Domestic Debt Exchange Offer Deadline Extended
The government of Ghana has announced an extension of its historic domestic debt exchange programme offer to the bondholders.
The offer of the government was set to expire on Monday, December 19, however, it has been extended to December 30 with a contemplated settlement date of Friday, January 6, 2023.
It is reported that no financial institutions took up the offer, however, the Finance Ministry says its decision to extend the deadline was to help the financial sector secure internal and Executive Board approvals to take up the Exchange offer.
It also noted that the extension also affords the government the opportunity to consider suggestions made by all Stakeholders with the aim of adjusting certain measures acceptable within the constraints of the Debt Sustainability Analysis.

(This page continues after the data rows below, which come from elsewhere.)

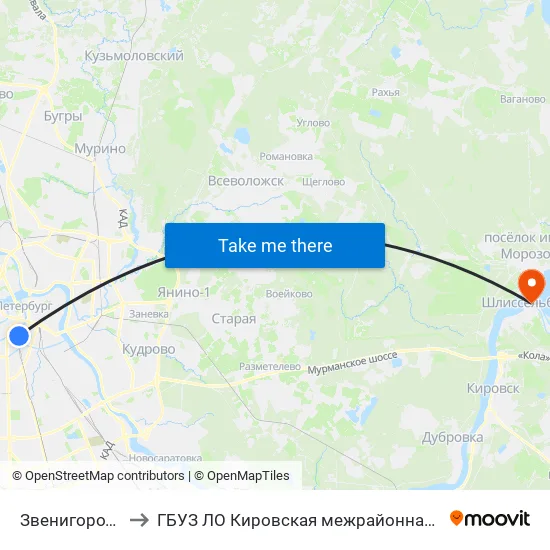 Звенигородская (Zvenigorodskaya) to ГБУЗ ЛО Кировская межрайонная больница, Шлиссельбургская городская больница, стационар map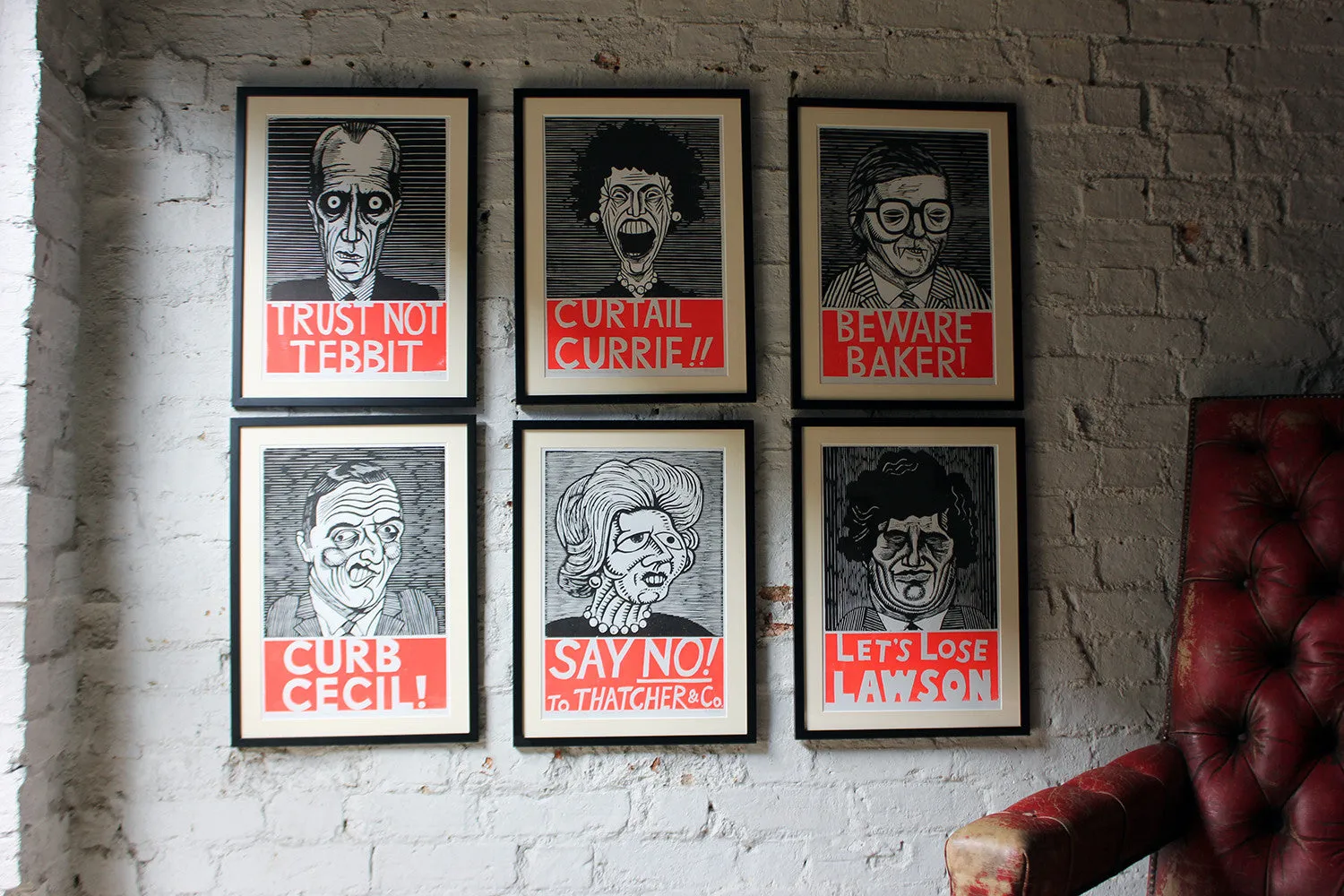 A Humorous Group of Six Framed English Political Satire Woodblock Print Posters c.1987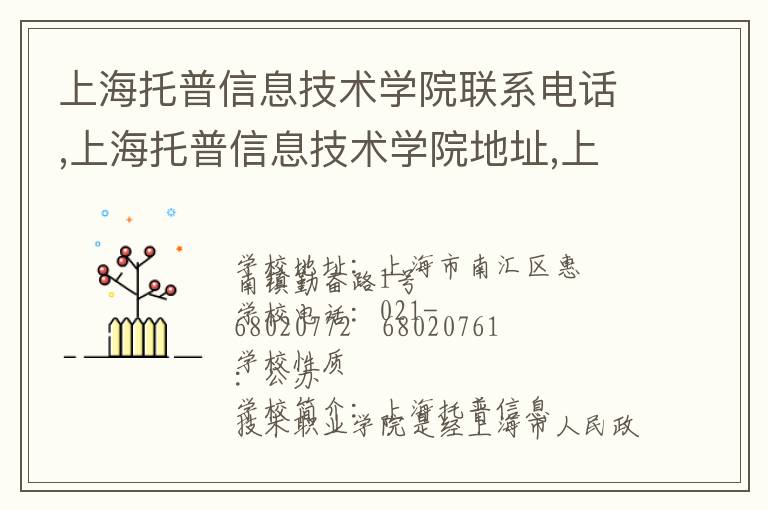 上海托普信息技术学院联系电话,上海托普信息技术学院地址,上海托普信息技术学院官网地址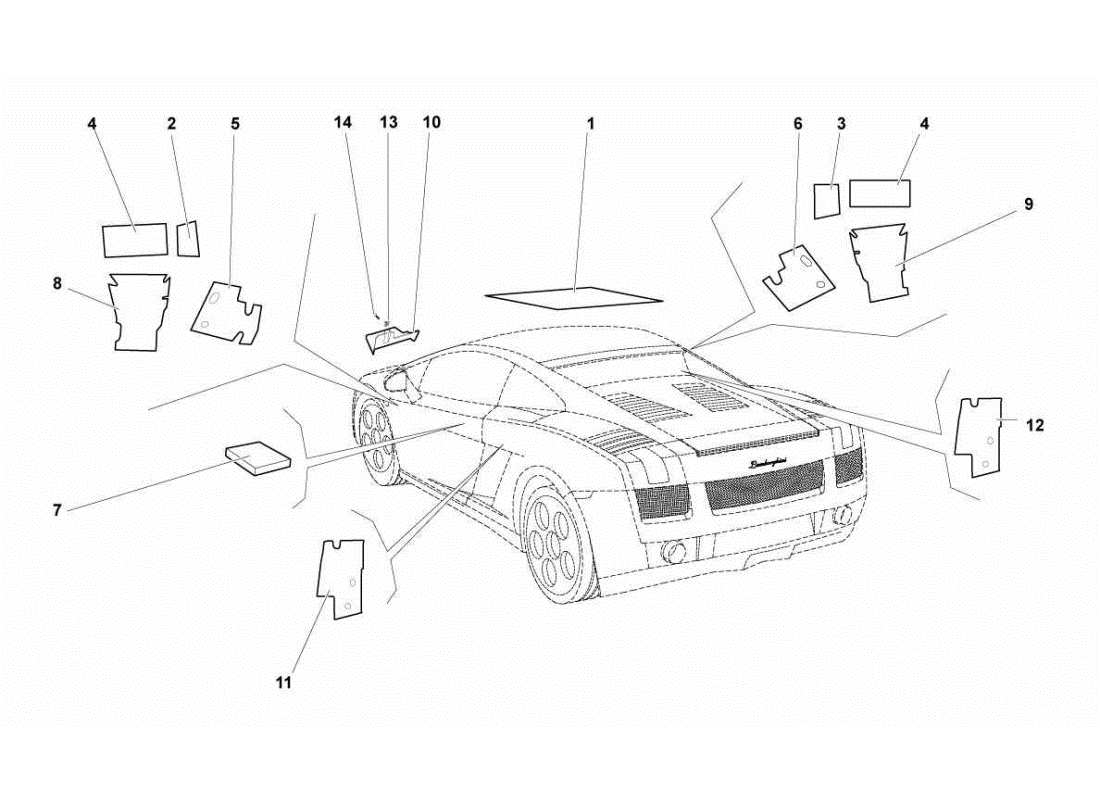 LAMBORGHINI GALLARDO STS II SC INSULATIONS AND SOUNDPROOFING PART DIAGRAM lamborghini gallardo sts ii sc insulations and soundproofing part diagram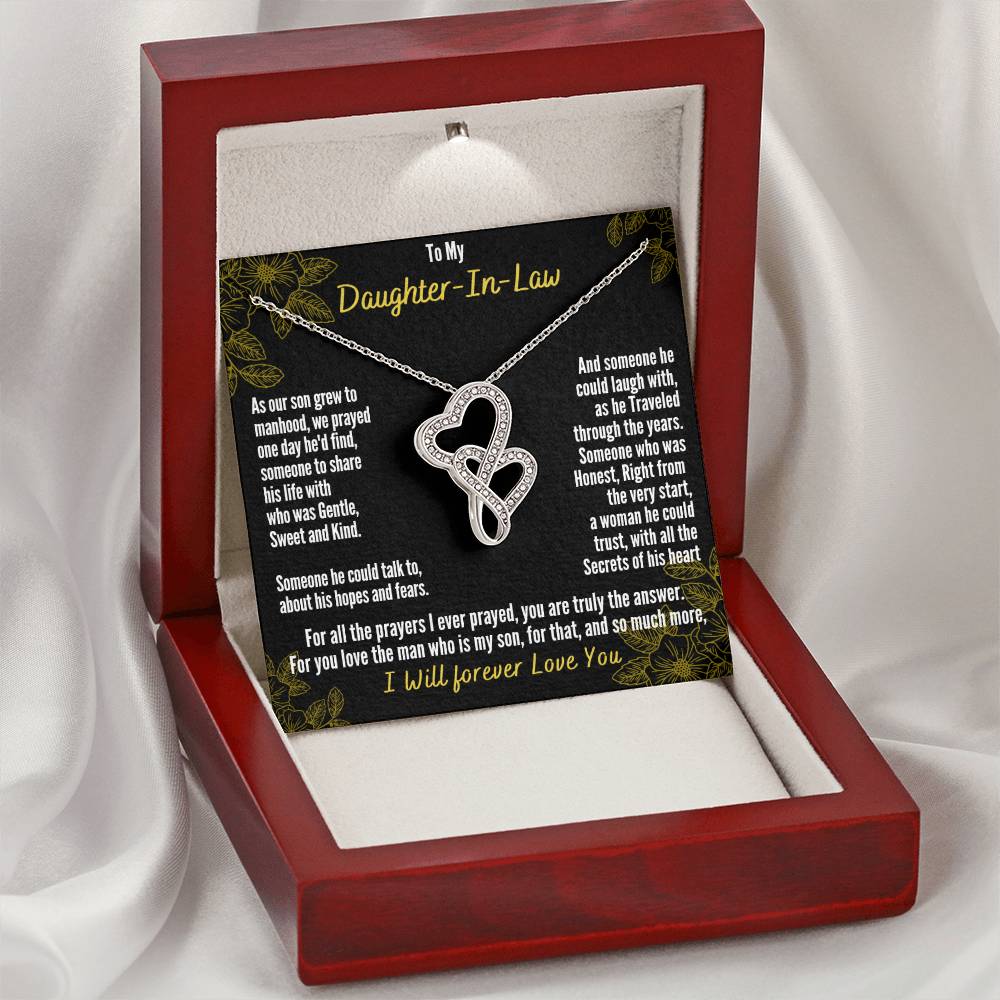 A Gift For Daughter In Law - You Are Truly The Answer 2 Double Hearts Necklace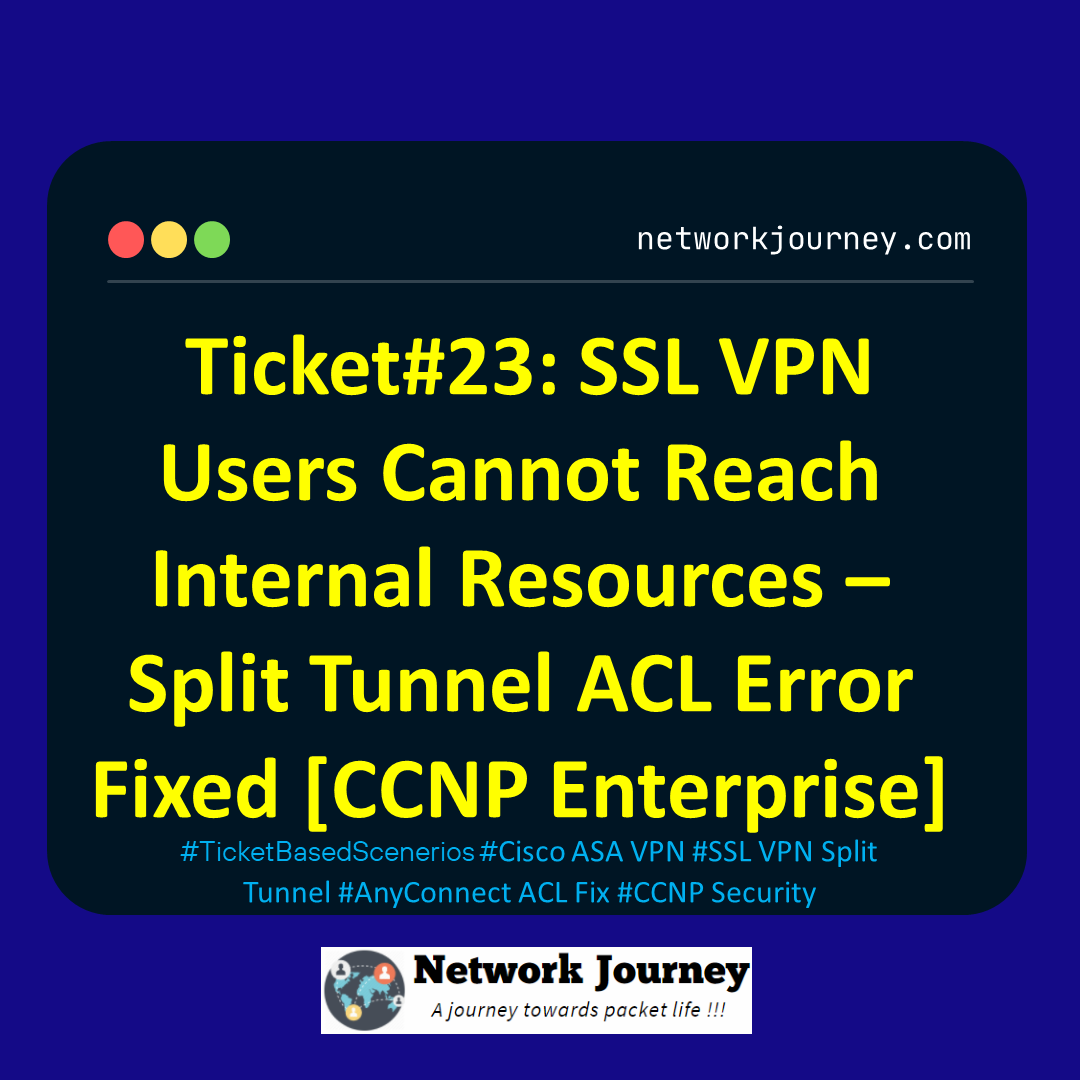 Ticket#23: SSL VPN Users Cannot Reach Internal Resources – Split Tunnel ACL Error Fixed [CCNP Enterprise]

“Considering these developments, and taking cognizance of the festive season, we have decided to extend the Expiration Date of the voluntary offer to Friday, December 30th, 2022, with a contemplated settlement date on Friday, January 6th, 2023.”
“We believe this extension will provide enough time for the necessary consultations and analysis to be completed to meet the expectations of local and foreign institutional bondholders while preserving the integrity of the Debt Sustainability Analysis and the Staff Level Agreement.”
The country’s debt as of the end of September 2022 stood at GH¢467,371.31 million (US$48,871.34 million) according to provisional results. A debt sustainability analysis by the Finance Ministry showed that Ghana’s debt is unsustainable.
On December 5, Finance Minster Ken Ofori Atta announced a domestic debt exchange programme that will transition the country to debt sustainable levels.
Launching the programme on December 6, he noted that 137 billion of the country’s domestic debt needs to be restructured to get the country’s debt at a sustainable level.
He explained that “under the Programme, domestic bondholders will be asked to exchange their instruments for new ones. Existing domestic bonds as of 1st December 2022 will be exchanged for a set of four new bonds maturing in 2027, 2029, 2032 and 2037. The annual coupon on all of these new bonds will be set at 0% in 2023, 5% in 2024 and 10% from 2025 until maturity. Coupon payments will be semi-annual.”
But the programme has been opposed particularly by labour unions who are calling for pension funds to be exempted.